The Beginner’s Torch Trap: A Lampworking Torch Buyer’s Guide Part 1

Thank you to Bethlehem Burners for this Blog!

If you landed here, you must be interested in buying your first lampworking torch! It’s an exciting time and you’ll want to feel confident in your purchase. In part one of our Lampworking Torch Buyer’s Guide, we’ll address concerns about buying a less expensive torch versus a more top of the line torch for beginner skills.

They say: “Your first lampworking torch should be cheap and something you can destroy while learning.”

Bethlehem Burner’s says: While this advice definitely has merit, a beginning lampworker should also keep in mind what type of torch they hope to use once they move past their “beginner’s torch.”

For example, there are different style torches that produce different style flames. These different style flames affect the way glass reacts in the flame, which in turn affects the way the glass should be manipulated in the flame to produce the desired effect.

Modern lampworking, using both soft and borosilicate glass, involves the use of a lot of color. Fuel mixture ratios and flame velocity affect the chemical composition of each glass color differently. This means flames produced by one torch will affect a glass color differently than the flames of another torch.

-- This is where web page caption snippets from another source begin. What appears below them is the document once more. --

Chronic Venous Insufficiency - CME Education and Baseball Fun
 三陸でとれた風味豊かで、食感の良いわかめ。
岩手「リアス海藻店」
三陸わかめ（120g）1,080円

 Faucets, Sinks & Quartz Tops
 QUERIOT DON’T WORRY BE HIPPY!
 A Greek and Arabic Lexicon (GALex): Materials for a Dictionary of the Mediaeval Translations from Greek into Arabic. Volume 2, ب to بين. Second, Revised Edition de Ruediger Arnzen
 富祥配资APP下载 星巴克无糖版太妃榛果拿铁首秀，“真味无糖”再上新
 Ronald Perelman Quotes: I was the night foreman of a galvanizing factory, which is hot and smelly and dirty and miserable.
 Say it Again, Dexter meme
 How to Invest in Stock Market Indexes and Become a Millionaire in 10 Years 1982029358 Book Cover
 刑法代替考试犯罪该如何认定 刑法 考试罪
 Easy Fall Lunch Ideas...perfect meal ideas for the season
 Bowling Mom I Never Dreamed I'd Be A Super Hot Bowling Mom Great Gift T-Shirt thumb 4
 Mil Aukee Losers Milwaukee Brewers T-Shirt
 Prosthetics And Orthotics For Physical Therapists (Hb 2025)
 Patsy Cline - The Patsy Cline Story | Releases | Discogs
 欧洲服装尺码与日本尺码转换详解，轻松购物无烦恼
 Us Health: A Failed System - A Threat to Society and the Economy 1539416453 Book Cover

If a lampworker learns to lampwork on one style of torch, they will need to adapt a lot of their glass techniques when they switch to a new torch style. This transition can be very difficult, time-consuming, and expensive. In order to make this transition as smooth as possible, it is best to choose a new torch that produces flames similar to the flames produced by the torch they learned on.

So, while, “your first torch should be cheap and something you can destroy while learning,” isn’t necessarily wrong, it isn’t your only option. Kate Hayes, VP and resident torch expert at Bethlehem Burners weighs in on the topic:

“Get a smaller version of your dream torch. Choose your first center fire style wisely, because the transition from premix center fire to surface mix center fire is the hardest and most expensive transition to make,” suggests Hayes.